— Requirement —
Among the entries below, find the line with "女童韩版慵懒风撞色外套阔腿裤套" and the line with "Gift headwraps online". Return exactly those lines and every line between them, but no pictures.

— Dataset records —

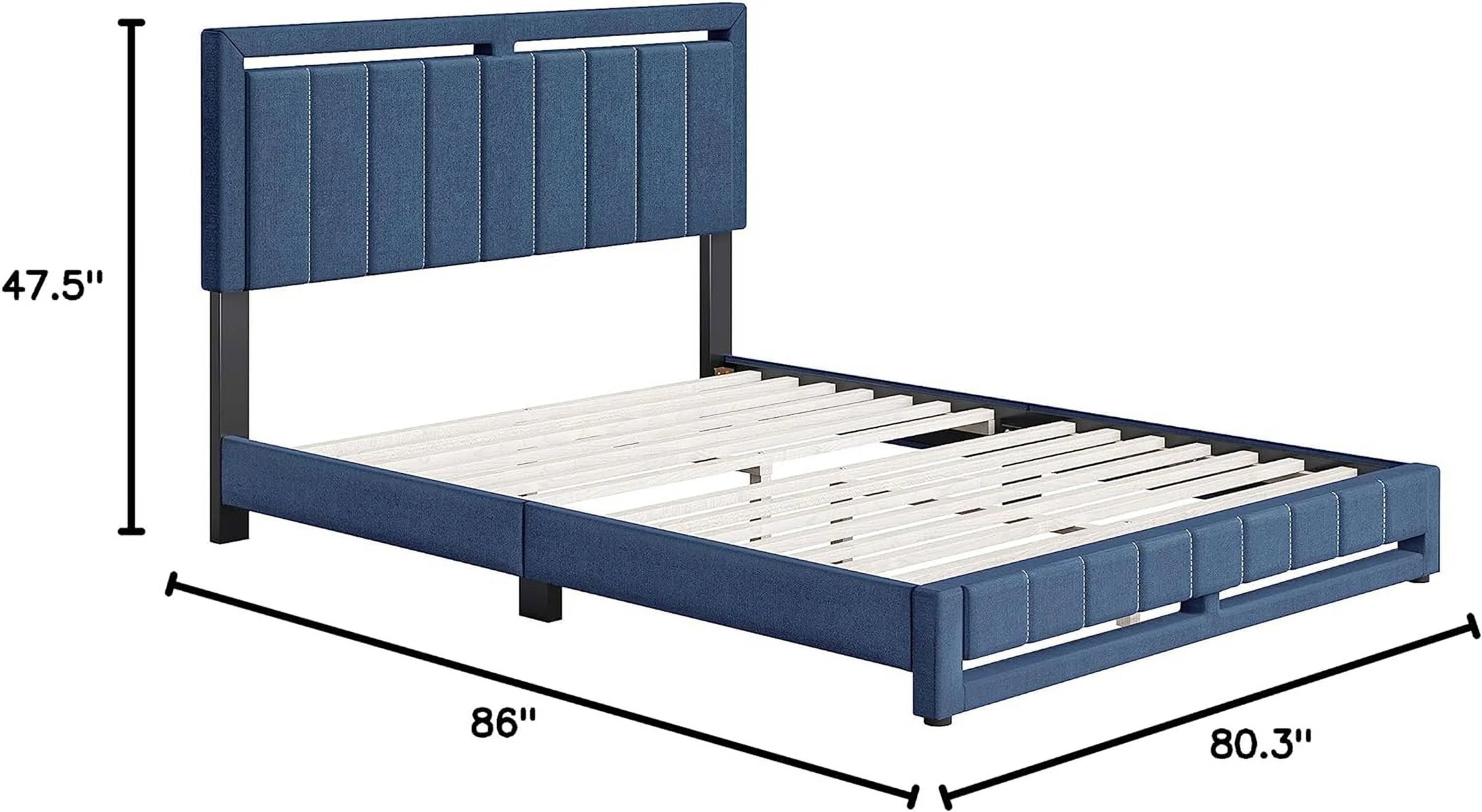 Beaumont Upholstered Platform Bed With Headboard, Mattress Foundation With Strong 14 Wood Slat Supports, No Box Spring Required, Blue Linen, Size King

---

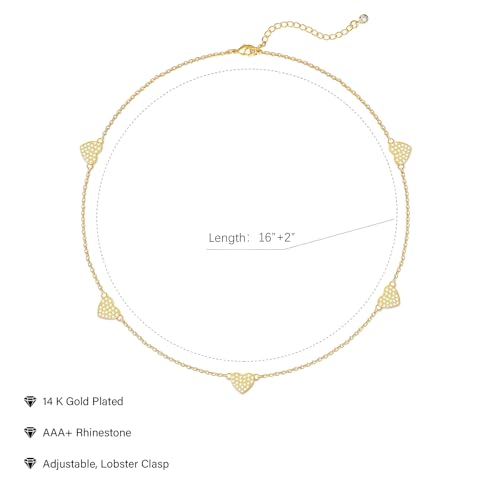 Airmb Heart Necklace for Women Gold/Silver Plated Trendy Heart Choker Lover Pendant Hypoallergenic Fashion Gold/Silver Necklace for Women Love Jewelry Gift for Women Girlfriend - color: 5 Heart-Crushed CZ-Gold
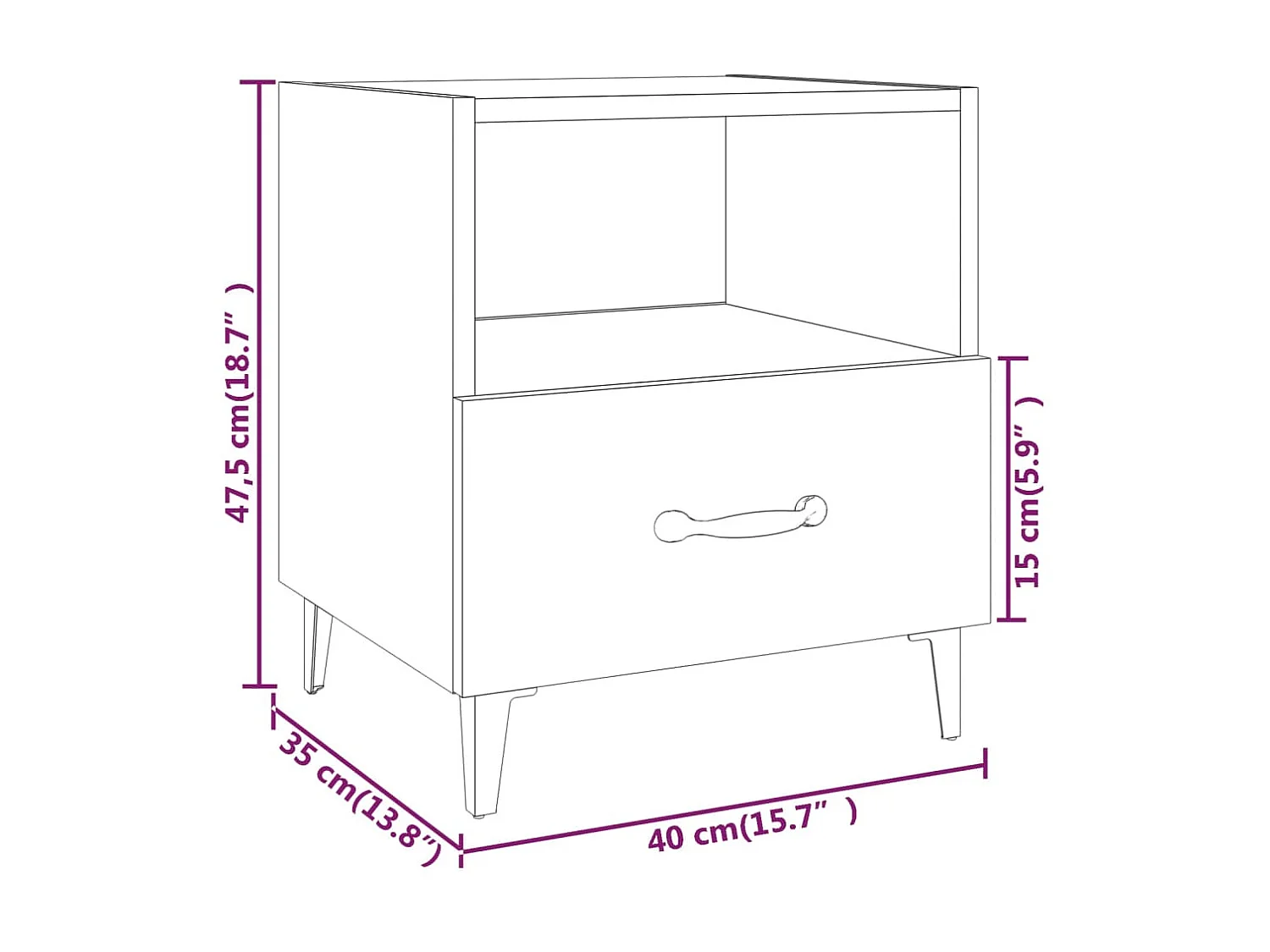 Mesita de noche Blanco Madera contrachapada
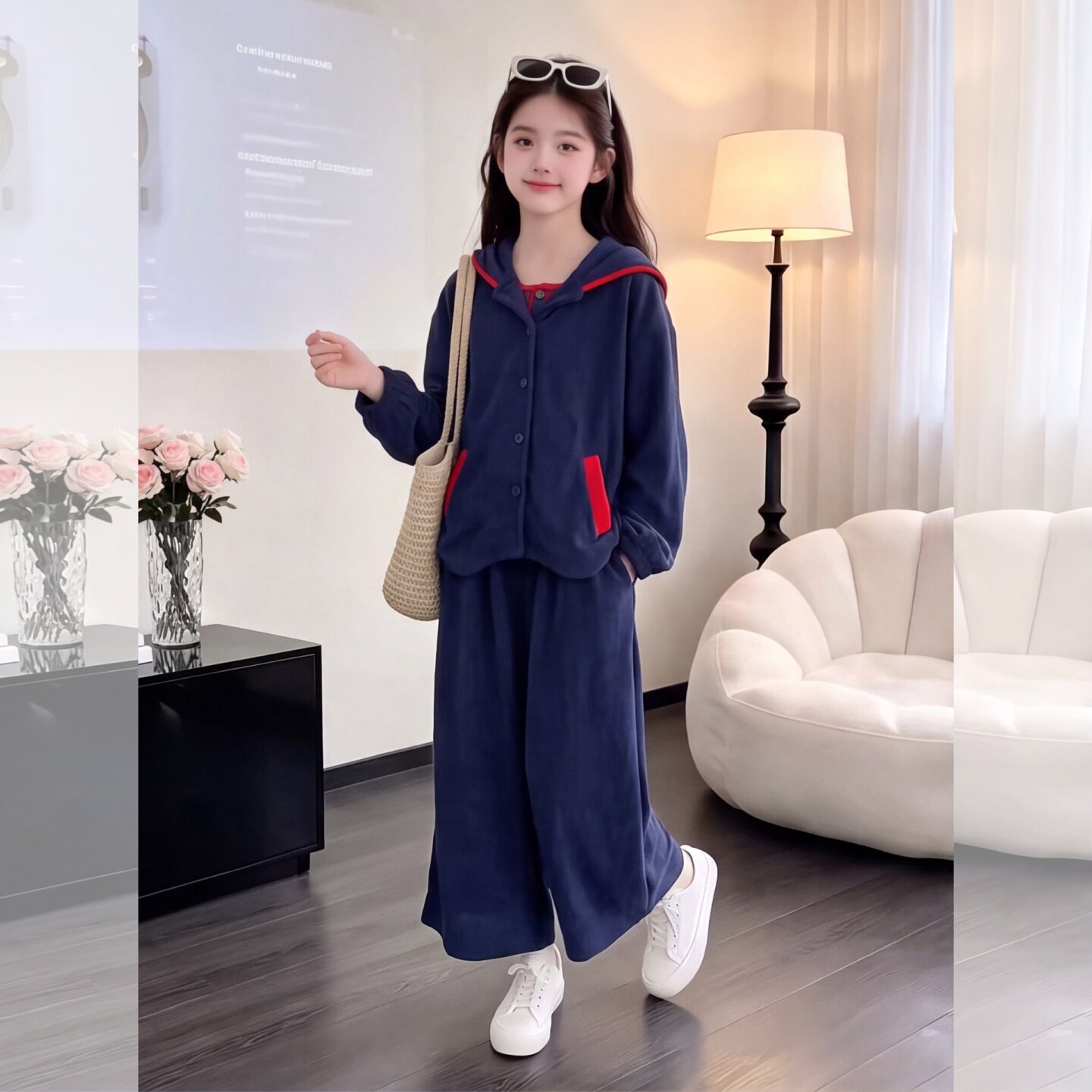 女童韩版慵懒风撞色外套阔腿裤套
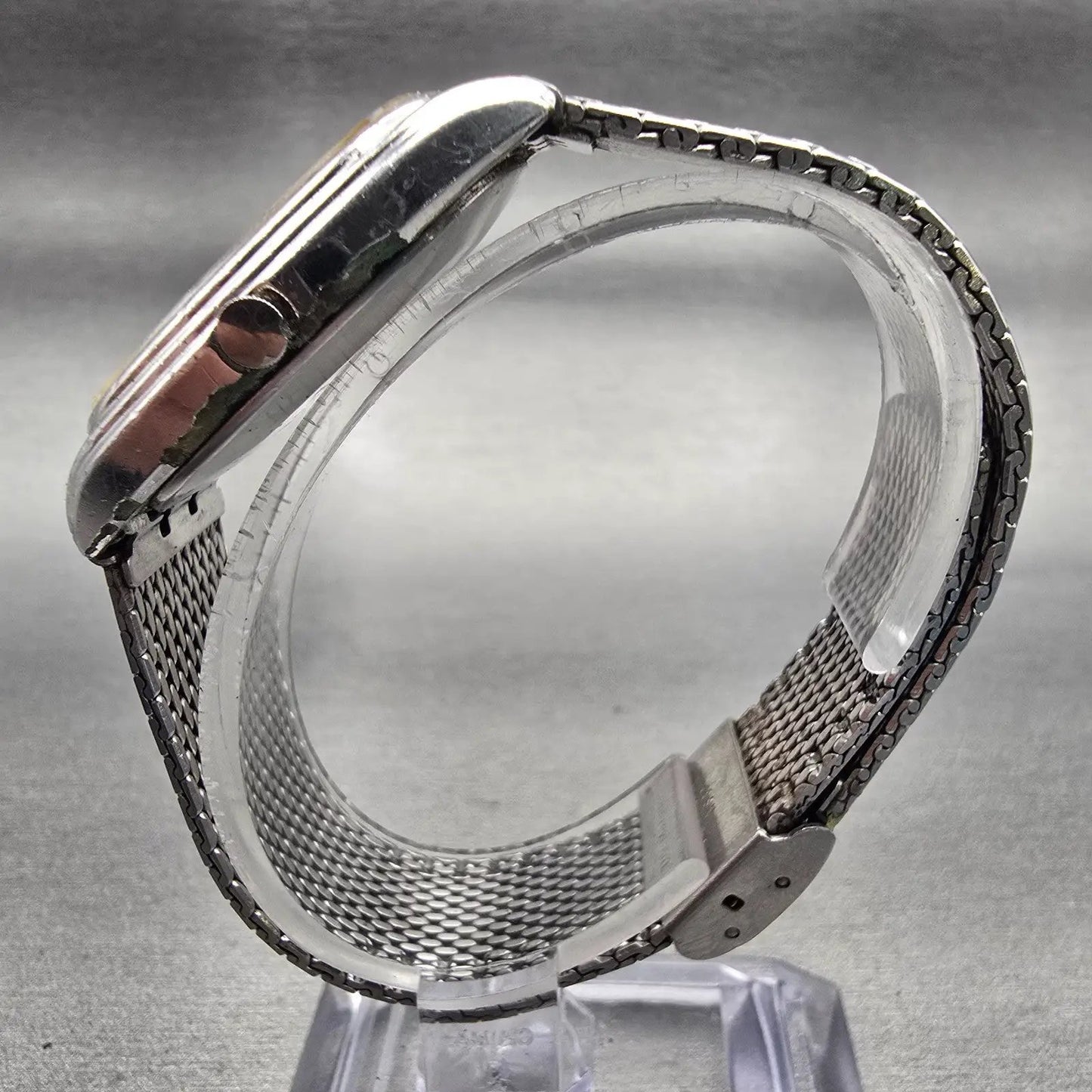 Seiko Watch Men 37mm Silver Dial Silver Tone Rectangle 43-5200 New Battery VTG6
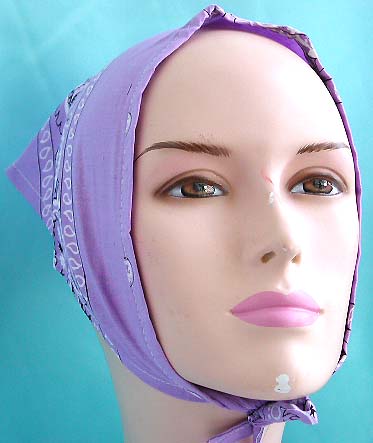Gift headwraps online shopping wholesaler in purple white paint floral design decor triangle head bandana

---

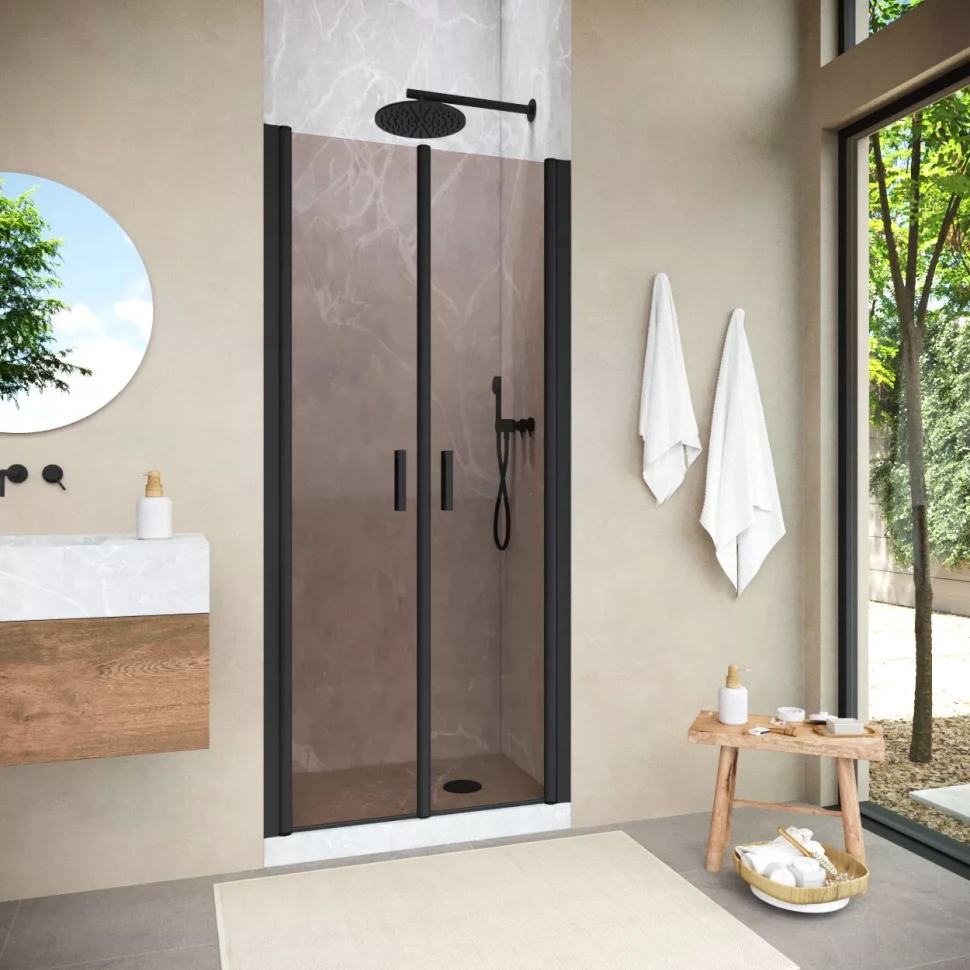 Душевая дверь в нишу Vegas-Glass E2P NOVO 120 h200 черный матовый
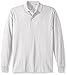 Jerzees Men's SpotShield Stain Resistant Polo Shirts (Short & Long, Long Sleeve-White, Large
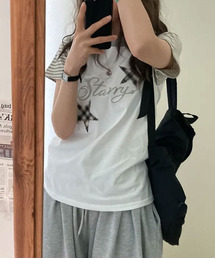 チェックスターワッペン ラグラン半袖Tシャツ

— Solution to the problem —
 女童韩版慵懒风撞色外套阔腿裤套
 Seiko Watch Men 37mm Silver Dial Silver Tone Rectangle 43-5200 New Battery VTG6
Gift headwraps online shopping wholesaler in purple white paint floral design decor triangle head bandana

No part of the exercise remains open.